Kitchener-Waterloo

Q&A: Amy Smoke says reconnecting with her Mohawk roots turned her life around

University of Waterloo social work student Amy Smoke will be speaking at Take Back the Night, an annual event dedicated to ending gender-based violence, about how reconnecting with her Mohawk culture helped her overcome addiction and put her on a path to helping others.

Smoke speaks at Take Back the Night march Thursday

Attendees at Waterloo Region's thirty-second annual Take back the Night march gather in front of Kitchener City Hall. (Gary Graves/CBC)

Waterloo Region's thirty-third annual Take Back the Night march takes place Thursday night at Kitchener City Hall and this year, its focus is on Indigenous women, who experience much higher rates of gender-based violence than non-Indigenous women in Canada. 

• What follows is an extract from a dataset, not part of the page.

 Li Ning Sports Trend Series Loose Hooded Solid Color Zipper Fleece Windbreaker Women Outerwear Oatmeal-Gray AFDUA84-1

University of Waterloo social work student Amy Smoke will be speaking at the event, sharing some of her story of overcoming addiction and homelessness, and how reconnecting with her Mohawk culture helped her get an education, and put her on a path toward helping others. 

She spoke to Craig Norris, host of the CBC's The Morning Edition.

The following interview has been edited for style and clarity.

CBC: What is the signifance of Indigenous women being focused on and honoured at Take Back the Night?

Smoke: "The country is obviously starting to take notice of First Nations people. The topics surrounding historical violence against us, the assimilation policies, that's all being brought to light....residential schools. With the murdered and missing indigenous women inquiry beginning, everyone is starting to take notice of this horrific stain on our history, how we feel ignored, how we've been sort of pushed aside and crimes against us go unsolved, and unnoticed it seems."

What are you going to be talking about tonight? 

"I'll start with the shocking statistics of violence against aboriginal women, vs their non-aboriginal counterparts. You know, we're three and a half times more likely to be victims of violent crime. We don't report crimes often enough. They go unreported and therefore unsolved. And then my own experiences as an aboriginal woman and experiences in my own life."

When you were younger you struggled with addiction. You say you had violence in your own life. How did you go from that to where you are now?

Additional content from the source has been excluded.